• **Available data**:
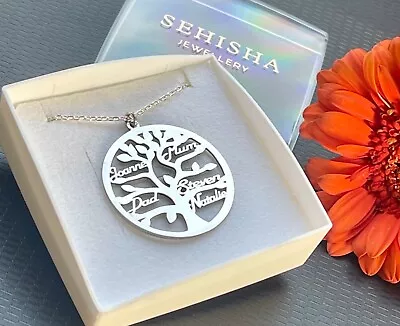 Personalised 925 Sterling Silver Family Tree Name Necklace 3.3cm • £28.50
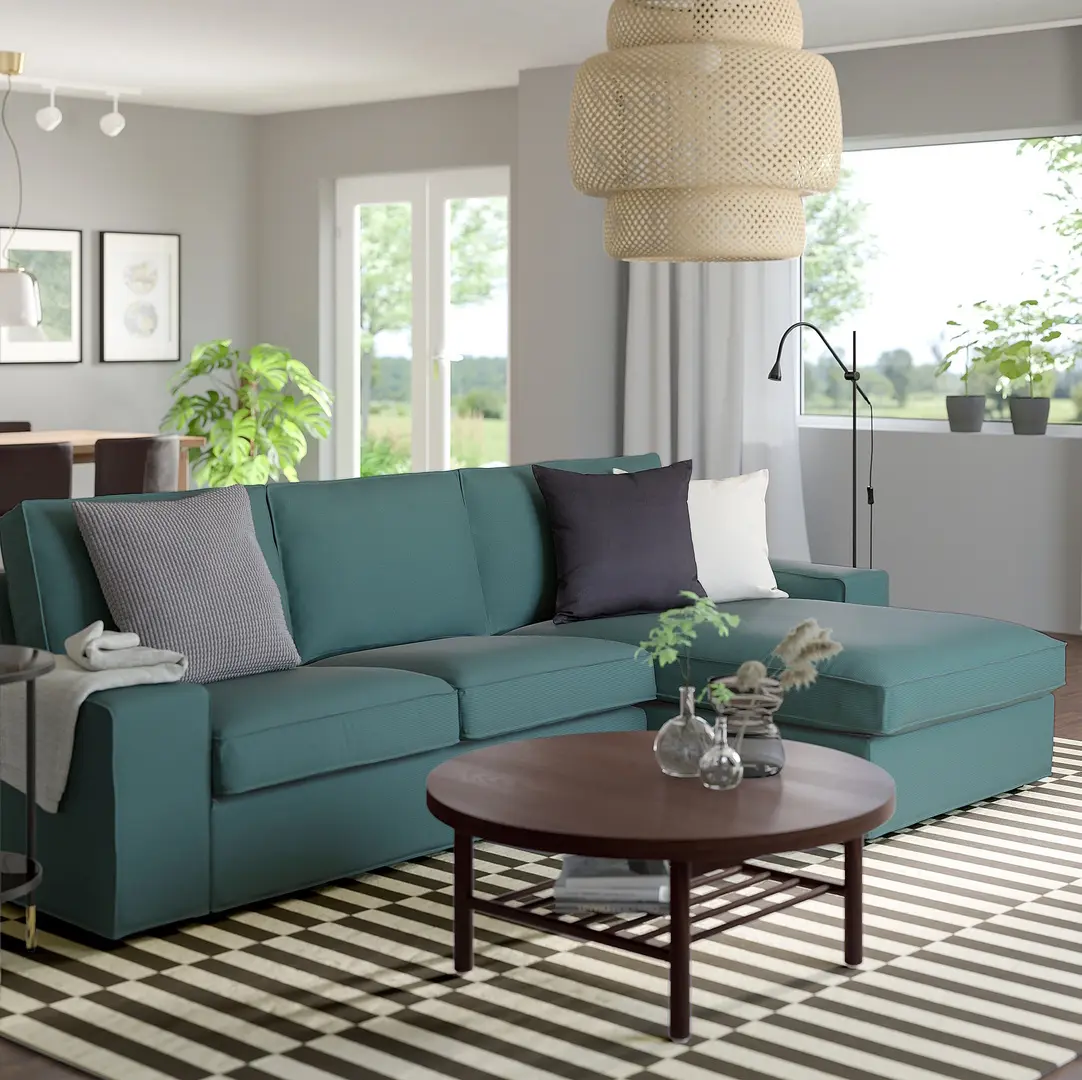 Canapea de colt Ikea Kivik/Kelinge 3 locuri/sezlong (Gri-turcoaz)
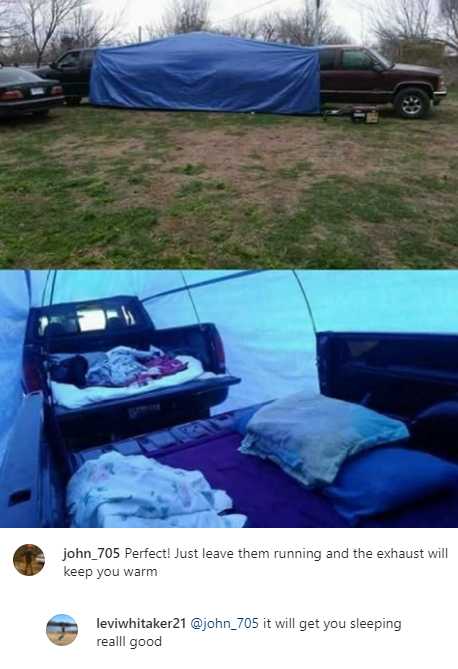 a couple of pictures of a car and a tent with a mattress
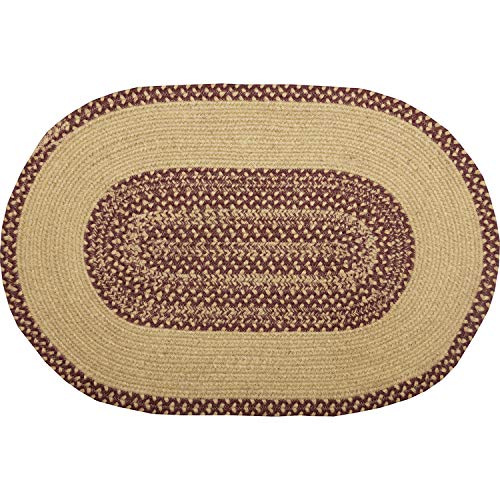 VHC Brands Burgundy Tan Jute Rug Oval Stencil Stars w/Pad 20x30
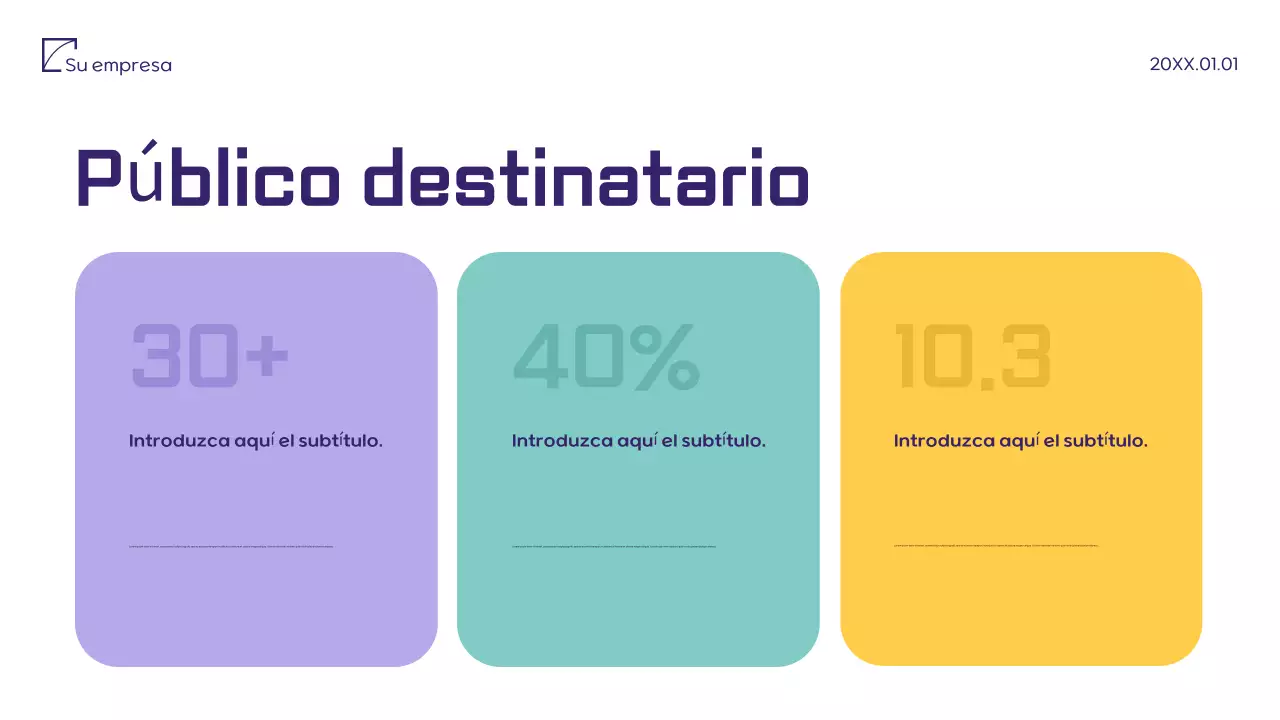 Documento minimalista morado de propuesta de marketing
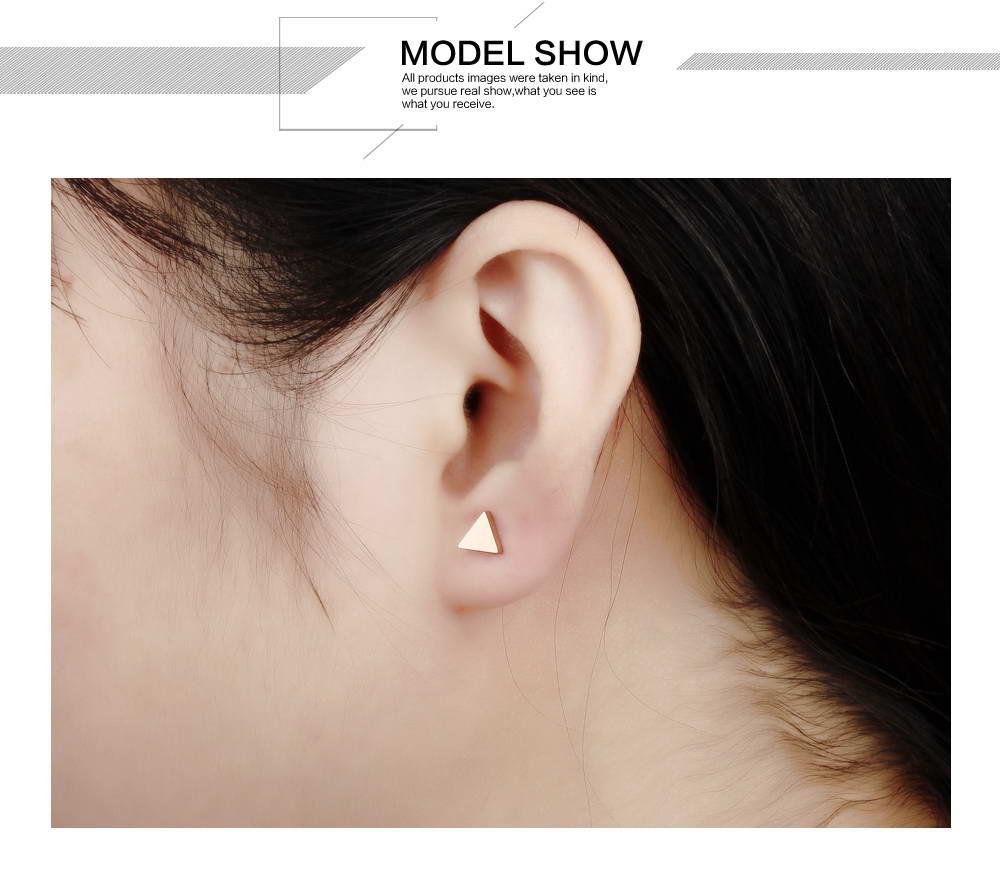 Champagne Gold Color Woman Stud Earring Classical Stainless Steel Triangle New Design Fashion Women Jewelry Earring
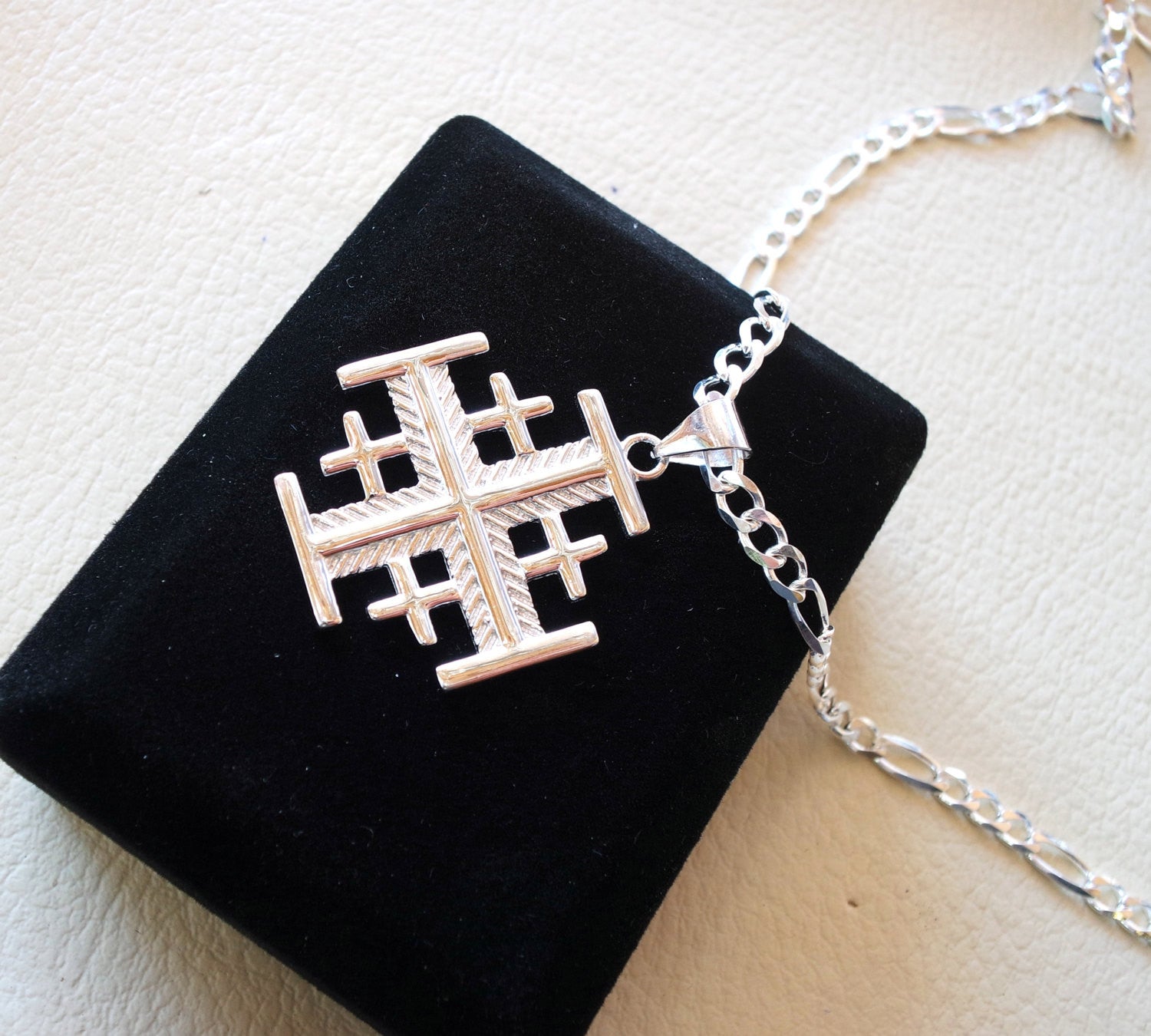 Jerusalem cross pendant with heavy chain sterling silver 925 middle eastern jewelry christianity vintage handmade heavy fast shipping
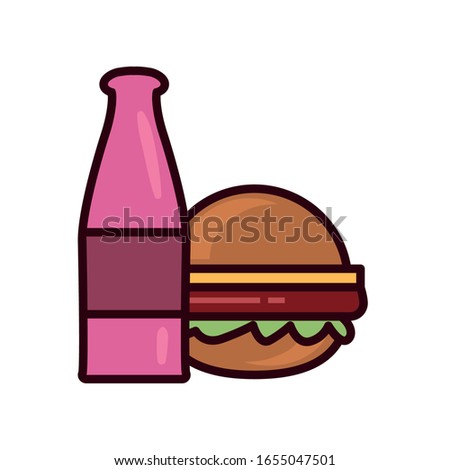 bottle and hamburger line and fill style icon design, fast food eat restaurant menu dinner lunch cooking and meal theme Vector illustration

• **Task details**:
Skipping any pictures, transcribe the full listing exactly.

• **Task output**:
 Personalised 925 Sterling Silver Family Tree Name Necklace 3.3cm • £28.50
 Canapea de colt Ikea Kivik/Kelinge 3 locuri/sezlong (Gri-turcoaz)
 a couple of pictures of a car and a tent with a mattress
 VHC Brands Burgundy Tan Jute Rug Oval Stencil Stars w/Pad 20x30
 Documento minimalista morado de propuesta de marketing
 Champagne Gold Color Woman Stud Earring Classical Stainless Steel Triangle New Design Fashion Women Jewelry Earring
 Jerusalem cross pendant with heavy chain sterling silver 925 middle eastern jewelry christianity vintage handmade heavy fast shipping
 bottle and hamburger line and fill style icon design, fast food eat restaurant menu dinner lunch cooking and meal theme Vector illustration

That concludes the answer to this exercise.